Problem details — After locating the line that contains "Building Photo - 284 Marlborough St", quote it and all lines after it through the end of the entries, and nothing more. Pictures stay out.

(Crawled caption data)
* * * *
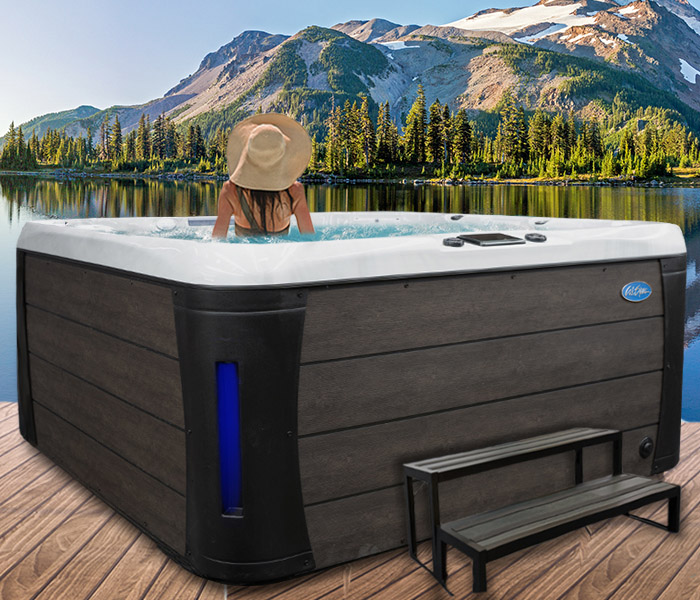 Calspas hot tub being used in a family setting - hot tubs spas for sale Quebec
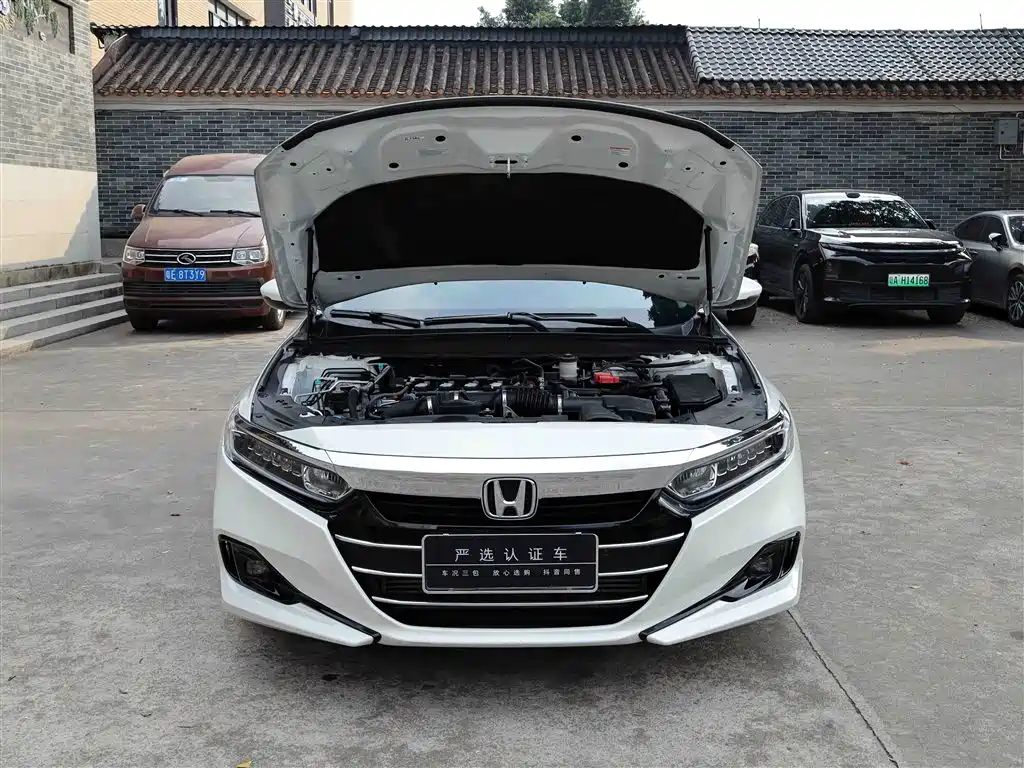 Honda Accord — фото 14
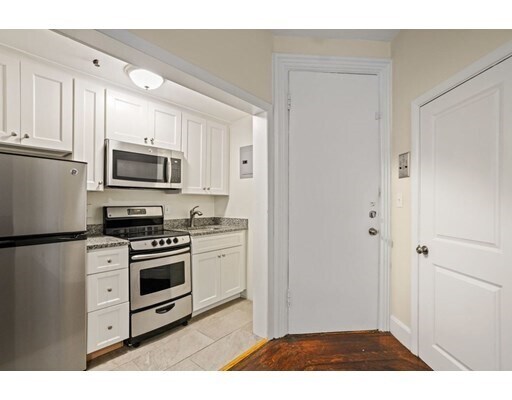 Building Photo - 284 Marlborough St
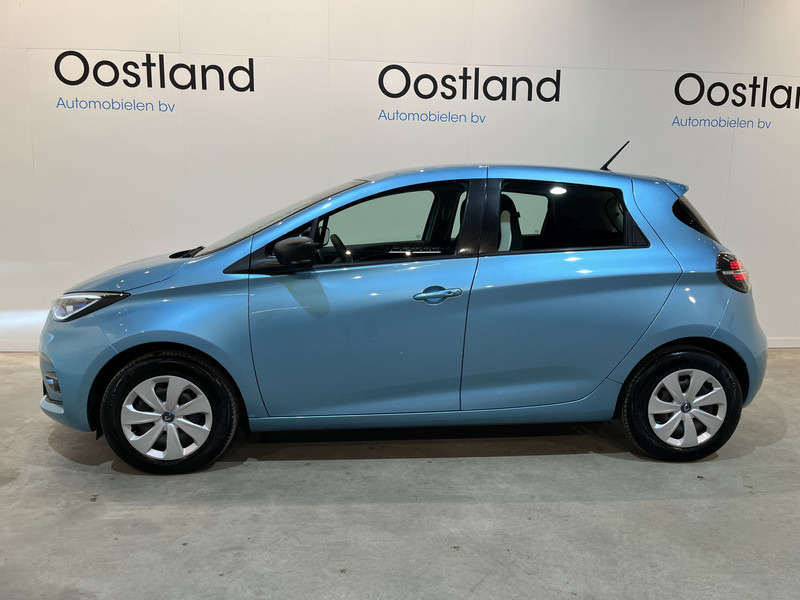 Renault ZOE R110 Life 52 kWh (Accuhuur) / Carplay / Airco / Cruise Control / 100% elektrisch / 31.200 KM !! Prijs ex BTW € 7.850,- - Hatchback: obrázok 2 Renault ZOE R110 Life 52 kWh (Accuhuur) / Carplay / Airco / Cruise Control / 100% elektrisch / 31.200 KM !! Prijs ex BTW € 7.850,- - Hatchback: obrázok 2
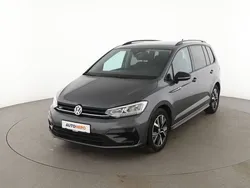 Grau Gebraucht 2020 VW Touran Highline Van / Kleinbus | 28.040 € (Fairer Preis)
* * * *
Worked solution —
 Building Photo - 284 Marlborough St
 Renault ZOE R110 Life 52 kWh (Accuhuur) / Carplay / Airco / Cruise Control / 100% elektrisch / 31.200 KM !! Prijs ex BTW € 7.850,- - Hatchback: obrázok 2 Renault ZOE R110 Life 52 kWh (Accuhuur) / Carplay / Airco / Cruise Control / 100% elektrisch / 31.200 KM !! Prijs ex BTW € 7.850,- - Hatchback: obrázok 2
 Grau Gebraucht 2020 VW Touran Highline Van / Kleinbus | 28.040 € (Fairer Preis)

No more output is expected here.